Few literary women in New York were better known at the time, her home a social and literary center. She produced several plays, chiefly adaptations from the French. The work that probably gained her more reputation abroad was The Anglomaniacs, which appeared in The Century without her name. It ranked her at once among the best of the novelists. Some of her other works included, Golden Rod, The Story of Helen Troy, Woman's Handiwork in Modern Houses, Old-Fashioned Fairy Book, Bric-a-Brac Stories, Flower de Hundred, Miy Lord Fairfax of Greenway Court, The Homes and Haunts of Washington, The Russian Honeymoon, Sweet Bells Out of Tune, A Daughter of the South and Other Tales, Bar Harbor Days, and An edelweiss of the Sierras, Golden-rod, and other tales.

Origins
Constance Fairfax Cary was born at Lexington, Kentucky (some sources cite 
Port Gibson, Mississippi) on April 25, 1843 into a planter aristocrat family, to parents Archibald and Monimia ( Fairfax) Cary. Archibald Cary was the son of Wilson Jefferson Cary and Virginia Randolph.

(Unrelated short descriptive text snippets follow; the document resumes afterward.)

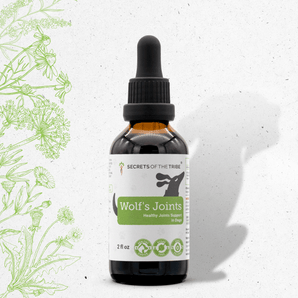 Wolf's Joints - Healthy Joint Support in Dogs
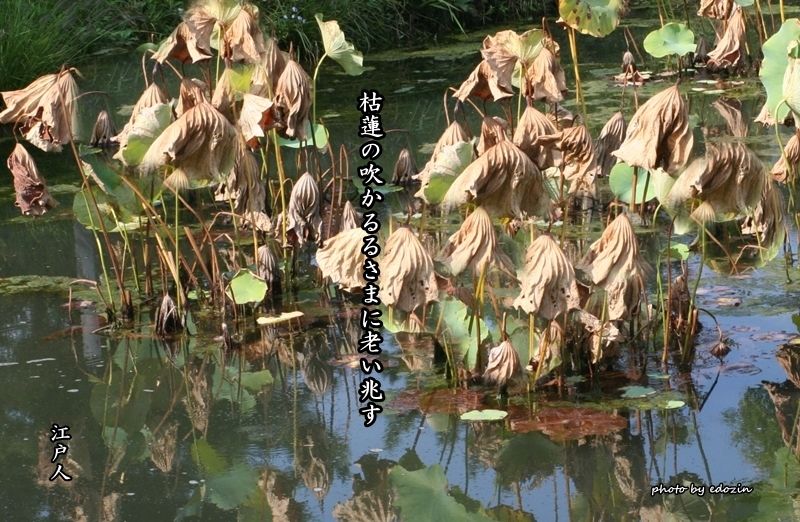 枯蓮 江戸人の俳散歩 楽天ブログ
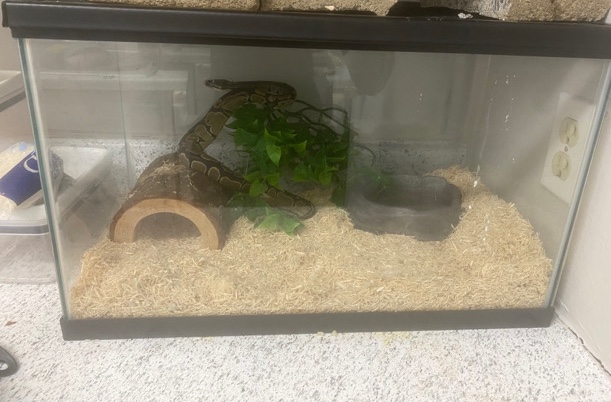 Ball Python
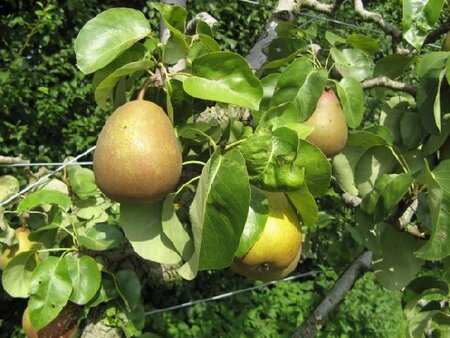 Pyrus communis 'Beurre Hardy' (PEAR)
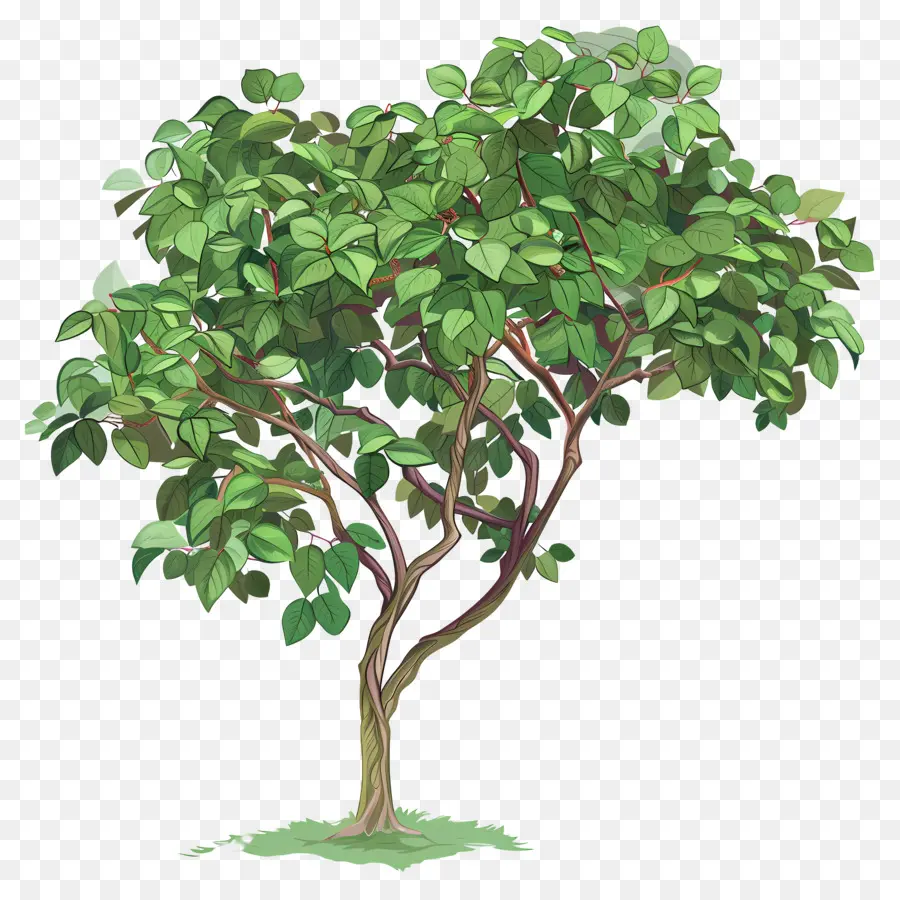 Дерево Peepal，зеленое дерево PNG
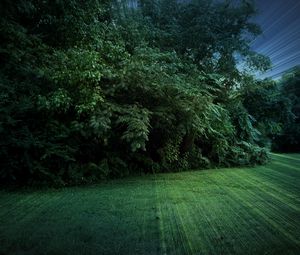 Preview wallpaper field, trees, nature, landscape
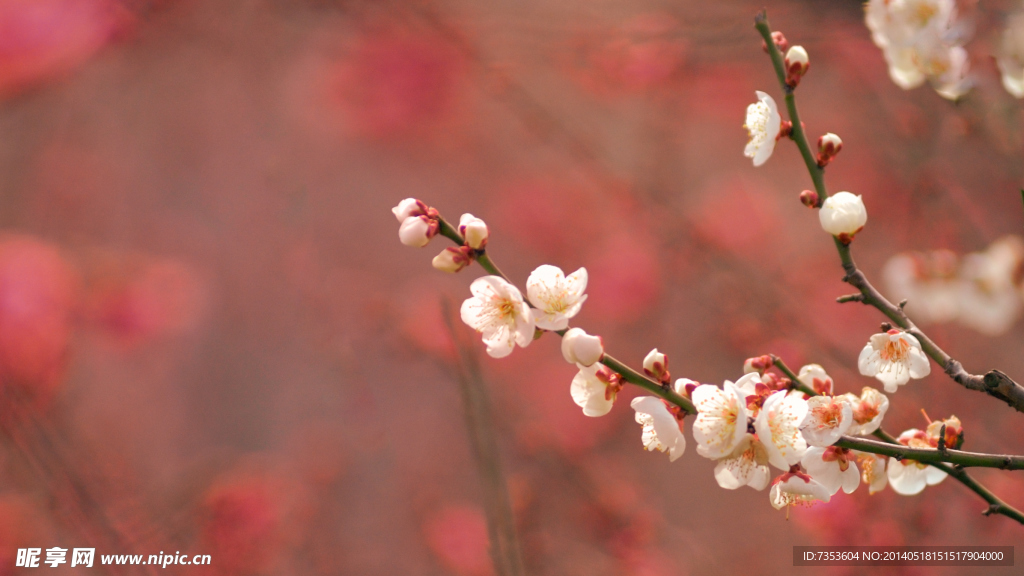 梅花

Wilson Jefferson Cary was a descendant of the ancient and prominent English gentry family of Cary, lords of the manor of Clovelly in Devon and of Cockington and Tor Abbey, as is related in a genealogical work by Fairfax Harrison (1869-1938) of Belvoir House, Fauquier County, Virginia (son of Constance Cary Harrison) The Devon Carys, 2 vols., New York, 1920.

Monimia Fairfax was the daughter of Thomas Fairfax, 9th Lord Fairfax of Cameron, and Margaret Herbert, who was the granddaughter of John Carlyle and Sarah Fairfax. Her brother was Clarence Cary, who was prominent in New York society.  Archibald Cary was a subscriber to the Monticello Graveyard (1837). They lived at Cumberland, Maryland, where he was editor of its leading newspaper, The Cumberland Civilian. When he died in 1854, her mother, Monimia, moved the family, in with her grandmother at Vaucluse Plantation in Fairfax County, Virginia, until the outbreak of the Civil War.

Civil War years

After the seizure of Vaucluse and its demolition (to construct Fort Worth, as a part of the defenses of Washington, D.C.) she lived in Richmond, Virginia during the American Civil War and moved in the same set as Varina Davis, Mary Boykin Chesnut, and Virginia Clay-Clopton. She was published in Southern magazines under the pen name "Refugitta."

Constance Cary lived with her Baltimore cousins, Hetty and Jennie; her mother served as the girls' chaperone. The three young ladies became known as the "Cary Invincibles." In September 1861, they sewed the first examples of the Confederate Battle Flag following a design created by William Porcher Miles and modified by General Joseph E. Johnston.

According to her own account, one flag was given to General Joseph E. Johnston, one to Confederate general P. G. T. Beauregard, and hers to Confederate general Earl Van Dorn. Later during the war, she assisted her mother as a nurse at Camp Winder.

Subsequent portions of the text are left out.